Feeding ourselves, taking care of the kids, and going to work are high priority items. Meal prepping, working out, and sleeping eight hours should also be high on the priorities list. Helping the kids with homework, personal development, and building a side business are also things that we need to set aside time for. Watching television and browsing social media should be saved for when all the higher priority items have been taken care of.
The normal human lifestyle is not easy and requires discipline. It requires living with purpose and intent. Planning the day and executing the plan. It requires knowing what you want, what you want to accomplish that day, and sticking with the plan no matter how tired, worn out, or discouraged we may be. If you’re tired, you know you are doing something right. Life wants us to be comfortable, addicted to pleasure and instant gratification. But the normal human canchoose tokeep the end in mind; to take the path less traveled or even create our own.
Normal Human Fitness
The importance of normal human fitness puts it in a category by itself. Fitness gives us strength, energy, confidence, ability, and most importantly, health and longevity. The key to achieving and improving fitness is consistency. In order for something to be consistent, it must be a part of our lifestyle; part of our daily routine. The normal human can join a traditional gym, or workout at home. We should have a diversified fitness plan. This plan should include cardiovascular training which includes walking, running, biking, swimming, rowing, or jumping rope. It should also include resistance training with multi-joint exercises such as squatting, bench pressing, dead lifting, and shoulder pressing. This should be done with a mix of barbell and dumbbell exercises. And a mix of low and high repetitions. One or two rest days, or low intensity days, should be programmed into the plan. But a walking and stretching plan should be maintained on a daily basis.

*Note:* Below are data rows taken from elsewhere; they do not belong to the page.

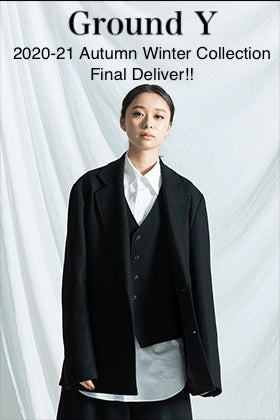 Ground Y - グラウンドワイ 2020-21AW Final Delivery!!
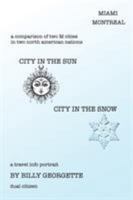 City in the Sun, City in the Snow: Miami Montreal 1524586986 Book Cover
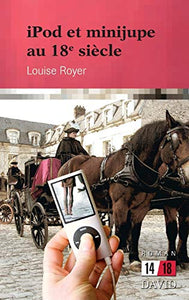 iPod et minijupe au 18e siècle 
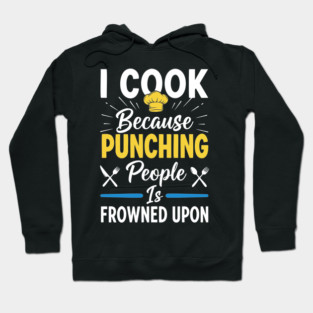 Cooking Not Punching Hoodie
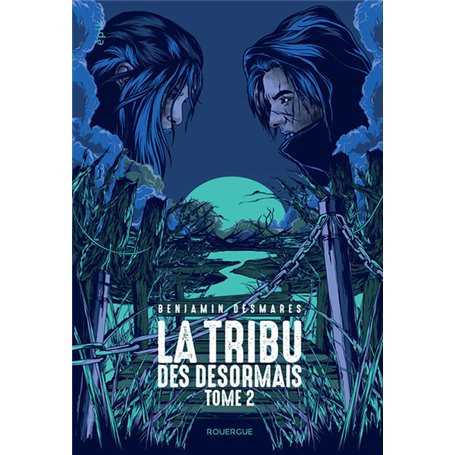 La tribu des Désormais (tome 2)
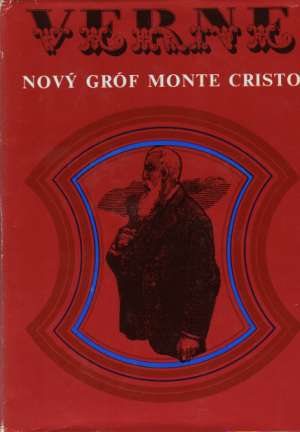 Nový gróf Monte Cristo - Verne Jules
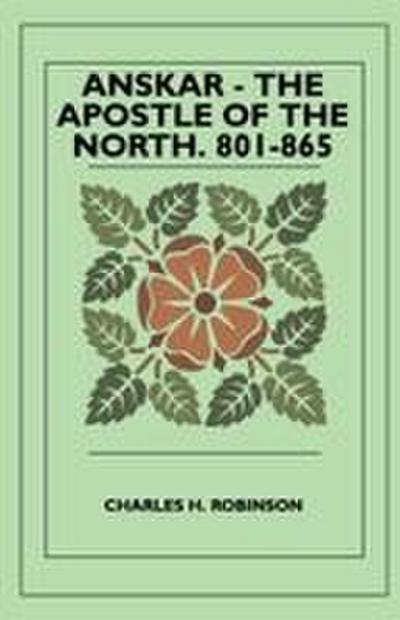 Anskar - The Apostle Of The North. 801-865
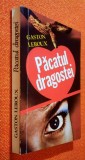 Pacatul dragostei - Gaston Leroux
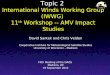 Topic 2 International Winds Working Group (IWWG) 11 th Workshop -- AMV Impact Studies David Santek and Chris Velden Cooperative Institute for Meteorological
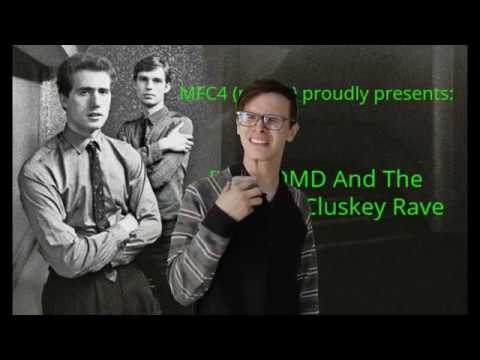 [YTP] OMD and the Andy McClusky rave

The normal human also sets fitness related goals. Goals such as signing up and training for a 5K run/walk or mud run. Other goals can be losing inches off your waist, or increasing your bench press weight. Regardless of what it is, a fitness goal will give you something positive to strive for. Something you can measure, track, and experience results from. This will help you to find a deeper appreciation for your fitness journey and healthy lifestyle.
At the End of the Day
At the end of the day, we are normal humans with many responsibilities. The way we prioritize and plan for these responsibilities can set us up for success or failure. We must choose to either be uncomfortable, beginning with the end in mind, or comfortable pleasure seekers taking the easy road that always leads to defeat. It is a simple process of deciding what we want, placing that in our heart, and adopting the mindset of achieving it. Whatever it takes.